British Prime Minister David Cameron, photographed on May 3, 2013, is continuing to advocate for cutting his nation's deficit as finance ministers from the G7 countries meet near London today. - 

Finance ministers and central bankers from the Group of 7 leading economic powers -- including the U.S. -- are holding informal  talks about the global economy in a stately home north of London today. But their fireside chat may not be too cozy. Germany’s finance chief is in for roasting over the hot topic of austerity.

The U.S. will lead the onslaught, urging the Germans to go for growth and ease up on austerity and slacken their demand that debt–laden euro zone countries cut their public spending. France will join in the Germany bashing and the new, anti-austerity Italian finance minister will add his voice to the small chorus of criticism.

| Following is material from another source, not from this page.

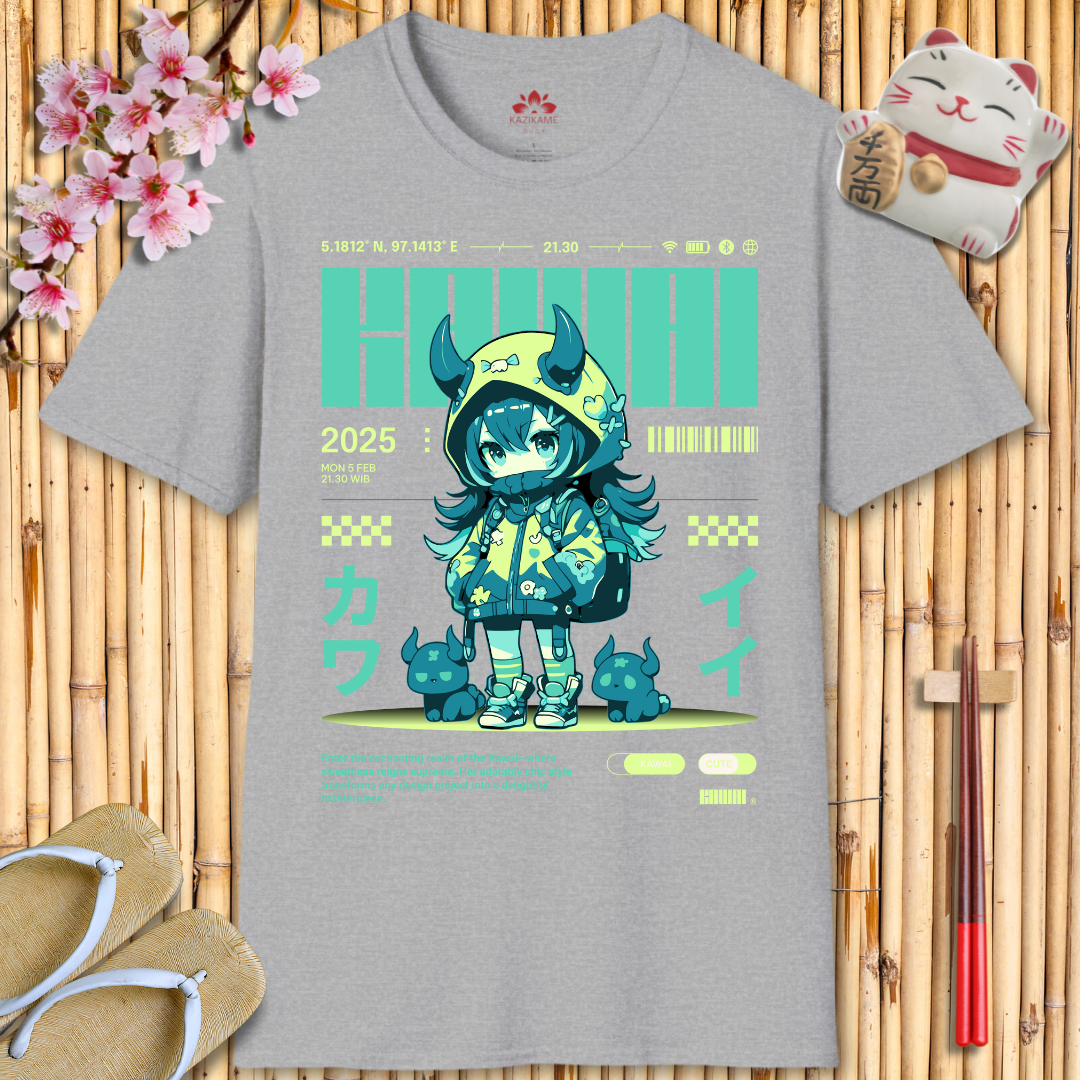 Kawaii Girl Green Unisex Softstyle T-Shirt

But the Germans insist that the criticism is misplaced. They’ve already shifted ground. With Germany’s blessing, France and Spain have recently been given an extra two years to cut their budgets. German analyst Constanze Stelzenmueller says German policy has been misunderstood.

“In all fairness, Chancellor Merkel would say this is not just about cutting debt or austerity. It’s about structural reforms to labor and services markets in order to enable growth,” says Stelzenmueller. 

Germany does have at least one ally at the meeting in Britain.  Yesterday, Prime Minister David Cameron said, “We need to go on cutting our deficit -- but at a sensible, measured pace.”